[EXCERPTED DATA Boundary: Start]
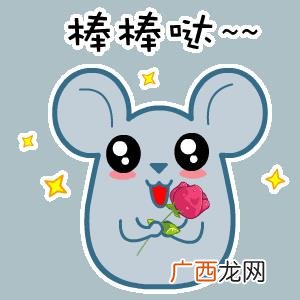 创业创新青年详细事迹 漳州青年创业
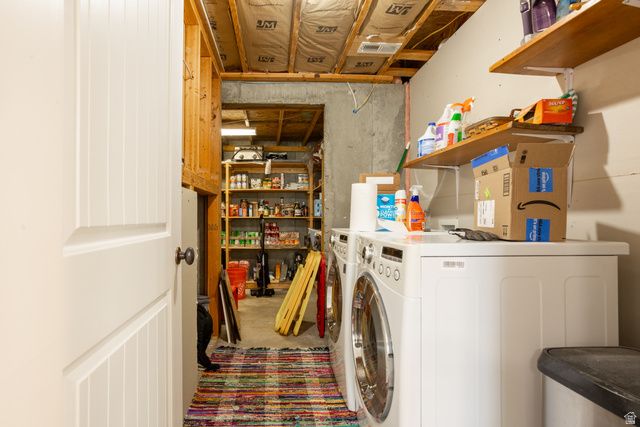 14287 S ROSALEEN LN, Herriman, UT 84096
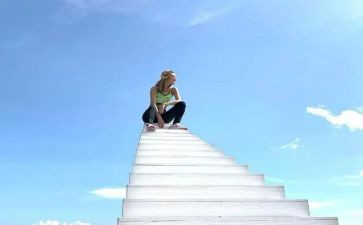 看见蛇了作文5篇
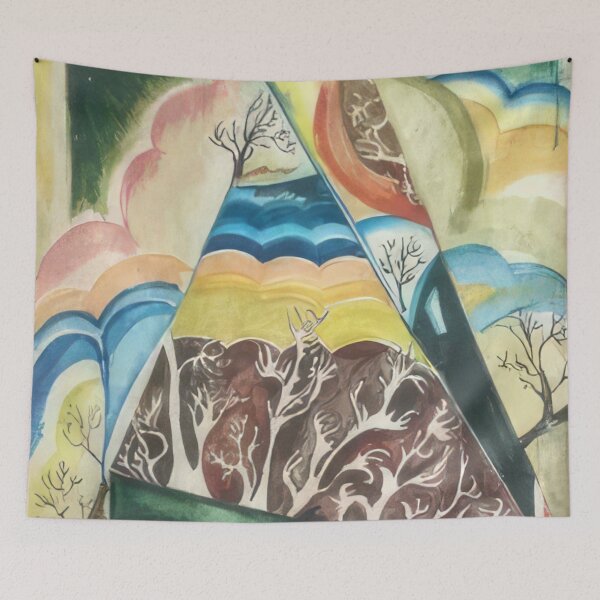 Item preview, Robert Vonnoh designed and sold by RemenarStudio.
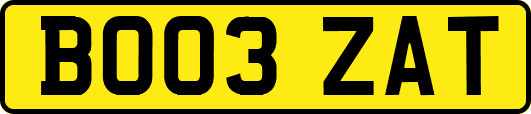 BO03ZAT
[EXCERPTED DATA Boundary: End]
**YOUR GOAL**
Output only the lines from the one that contains "14287 S ROSALEEN LN, Herriman, UT 84096" to the end of the entries above, both end lines included, and drop the pictures.

**RESULT FOR THIS EXERCISE**
 14287 S ROSALEEN LN, Herriman, UT 84096
 看见蛇了作文5篇
 Item preview, Robert Vonnoh designed and sold by RemenarStudio.
 BO03ZAT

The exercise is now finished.